Say I wanted to now rotate the data in memory (I don’t want to change my input layout, but I do want to change my output layout). I now want a data layout after my FFT to be such that batches are interleaved. So, to borrow from my example, I want data to be laid out as A0, B0, A1, B1, A2, B2, … A(N-1), B(N-1). Can I do this using cufftPlanMany()? Namely, I’m thinking that ostride would be equal to my batch size and odist would be 1.

Is that correct? Is there anything missing from my understanding?

Thanks in advance for the help.

not saying I follow your data transformations

If you can do what you want with FFTW, you can generally do it with CUFFT also.

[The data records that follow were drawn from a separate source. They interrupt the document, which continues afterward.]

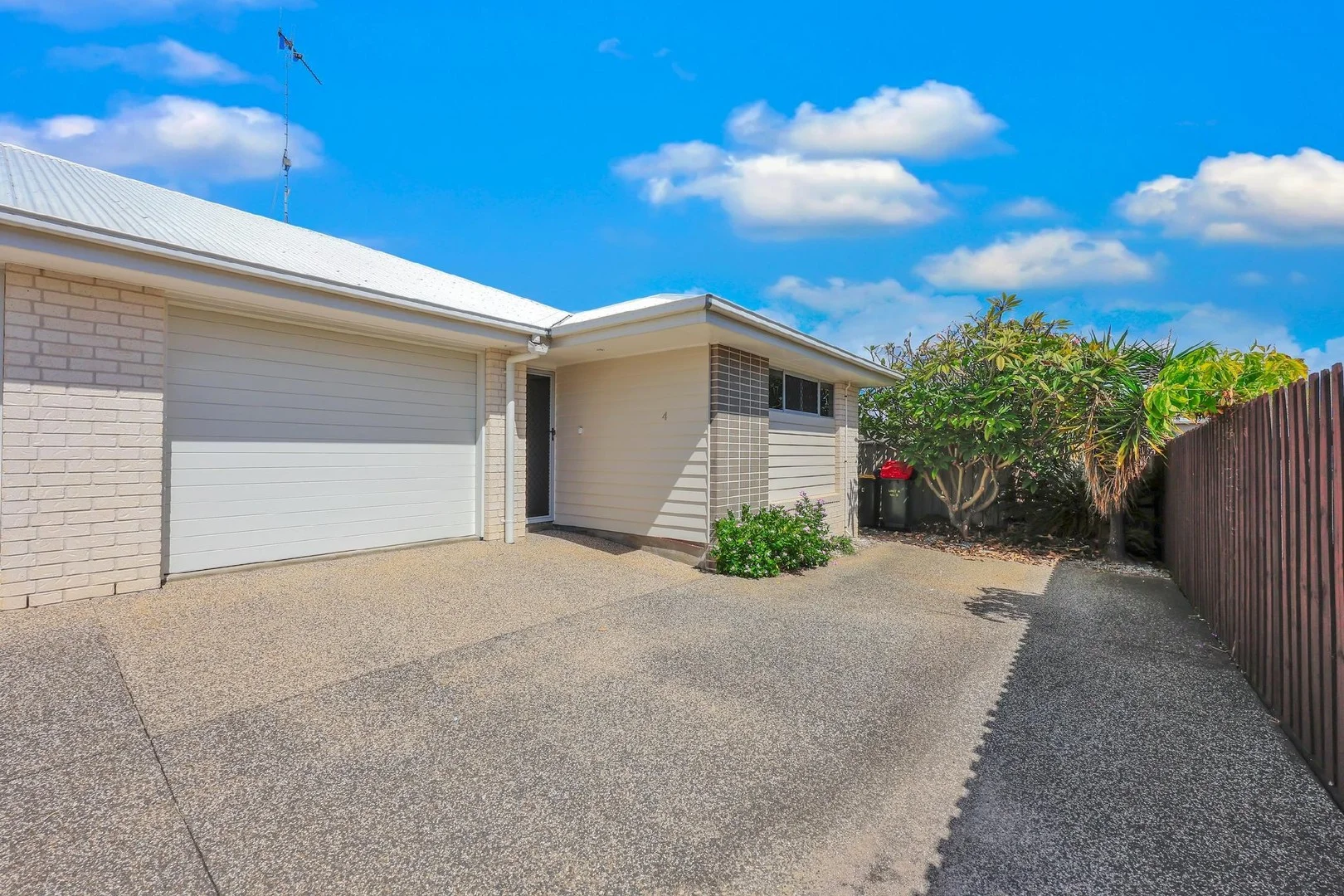 4/9 Robert Street, Bundaberg South QLD 4670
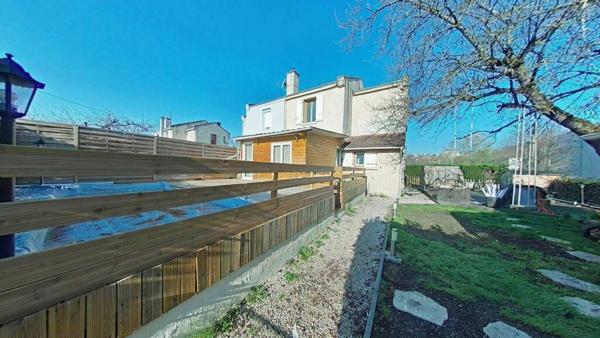 Belle maison F4 avec piscine – Le Chambon-Feugerolles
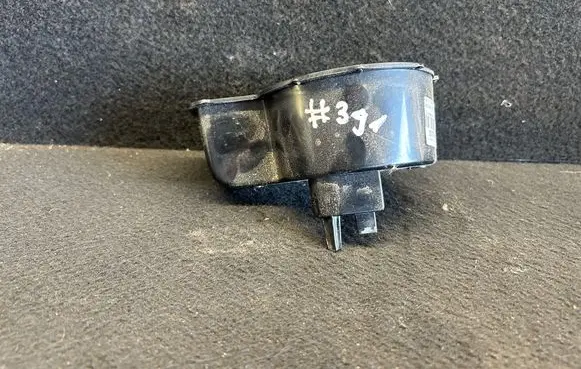 Land Rover Discovery 3 - LR3 Cup holder 04b2029ra9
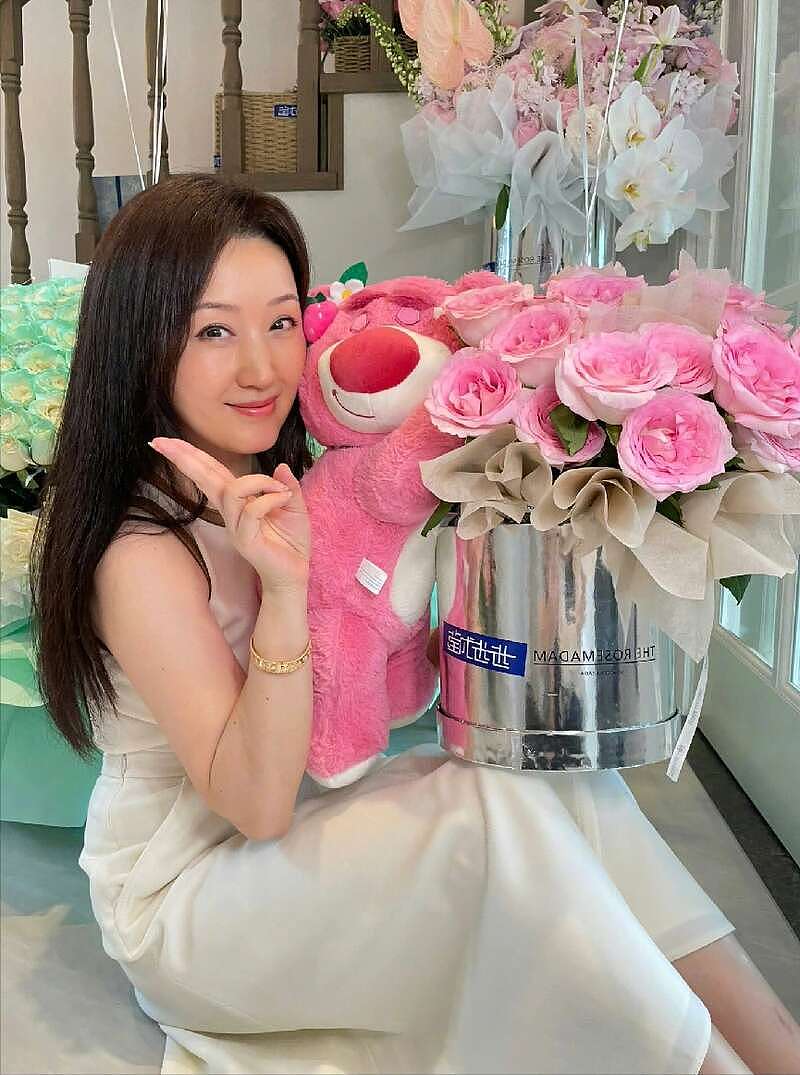 52岁杨钰莹在豪宅自拍，穿小白裙嫩得像“水蜜桃”（组图） - 3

Sorry, let me try to explain…

So normally, using a batched cufftPlan1d() with a FFT size of N, effectively the data is laid out where each transform’s (of length N) samples are group together next to one another in memory. Said differently, instead of passing in batch size, I can loop batch size times and execute a single FFT each time. I would then move the pointer in my input buffer N * sizeof(sample_type) for each execution of the loop.

What I want now instead is to have the resulting output data be grouped totally differently. I want batches to be right next to one another in memory. That is, the first index in my buffer should contain the first sample from batch 0, the second index (which would normally hold the second sample from batch 0) needs to now have the first sample from batch 1. I think I can accomplish this with odist = 1 and ostride = batch size, but I wanted to make sure I am understanding these parameters correctly.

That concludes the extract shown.